ラジオ番組へ出演した経験は決して多く無いのだが、ここ数年はスマートフォンのアプリを介して、趣味としてラジオを聴いている。テレビとはまた違った情報量を発信し、比較的自由な空気感が許される場所。ラジオという空間に身を置くことは、私の憧れの一つだ。
- 著者
- ["齋藤 孝", "安住 紳一郎"]
- 出版日
本格的にラジオ番組を聴き始めた当初は、特にアナウンサーの人たちの、テレビでは見慣れない個性の強さに圧倒された。番組内のバランサーとして機能しつつ、自社の番組ということで、時にフリーランスで起用されているメインパーソナリティーよりも、無邪気な振る舞いが垣間見えたりすることが面白かった。
ラジオ出演者は、本当に沢山喋っている。内容を文字に起こしたら、テレビの3倍くらいは話していそうだ。それだけ話すには、見たもの・感じたことの言語化を、普段からトレーニングすることが必要だ。食レポの仕事が入り始めた頃、プライベートな時間にも、何かを食べる時は味を擬似リポートするよう意識していたことを思い出した。面白い事に気付けるアンテナを張り、出来事をエピソードとして昇華させるのは、意外と難しい。声に出して伝えることは、一日にしてならず、なのだ。

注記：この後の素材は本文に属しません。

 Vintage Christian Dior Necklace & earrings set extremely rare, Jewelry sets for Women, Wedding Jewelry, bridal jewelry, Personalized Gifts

アナウンサーやリポーターは、収拾された情報を伝えたり、人から話を引き出すのが主な役割だ。自らの主観を話す機会は、割合としてかなり少ない。仕事の場では、主に聴く人・話す人という明確な役割を与えられている場合が多いから、なんとなくどういうシーンでも、役割や立ち位置を意識しがちだ。
- 著者
- 阿川 佐和子
- 出版日
ところがネットのライブ配信では、ダラダラといくらでも話していられる。私も以前はSNSを利用して頻繁に配信していたが、コメント欄に寄せられる言葉に反応しながら、仕事の告知はもちろん、「そういえばさっきこんなことがあって〜」といったような、大して実の無い話しをしていたものだ。観てくれているのは、ほとんどがファンの方だろうと踏んでいるから、ゆるい感じもある程度許容してもらえるかなという甘え心があってのことだ。

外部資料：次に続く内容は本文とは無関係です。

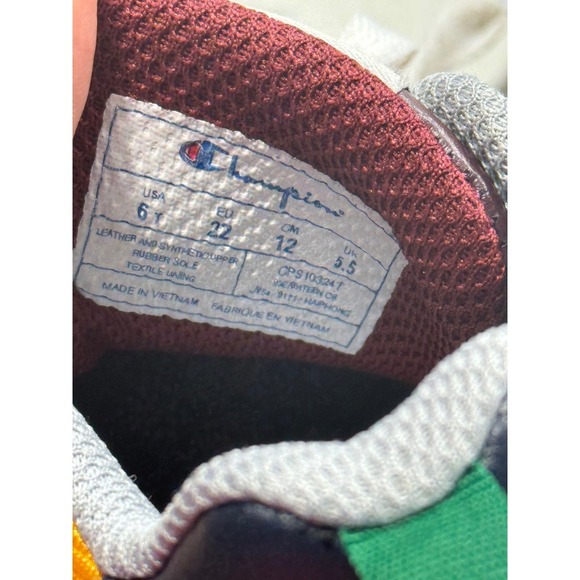 Champion Toddler Sneakers Size 6T Red Black Blue‎ Athletic Shoes - Picture 3 of 5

そんな配信をする中でも、やはり《脳内交通整理》ができていくことがあって、それが、オーディションを受ける時の自己紹介や自己PRに役立ったりもした。当時配信にお付き合いくださっていたみなさん、ありがとうございました!
“ ファンの人たちだから ” “ 家族だから ” “ 仲の良い友人だから ” といった安心感を持てることは、有難いことだと思う。もし自分の事を話すことが苦手だと感じている人がいるならば、たった一人でいい、何てことのない話を許し合える、安心できる相手をつくってみてほしい。きっとその会話は、あなたを癒してくれるはずだ。
おしまいに
こんな作品を紹介したい。
『 connect 』
もしもし、あのね。
何でもないことは
きみに話したくなるんだ。
テレワーク化が進み、活動の自粛が止むを得ない近頃。会話をする機会が激減したという人も多いはず。そんな今だからこそ、空いた時間に一息ついて、いつもよりゆっくり家族と話をしてみてはどうだろう。誰かに電話をかけてみるのもいい。何てことのない会話に、いつもより少し、心を傾けて。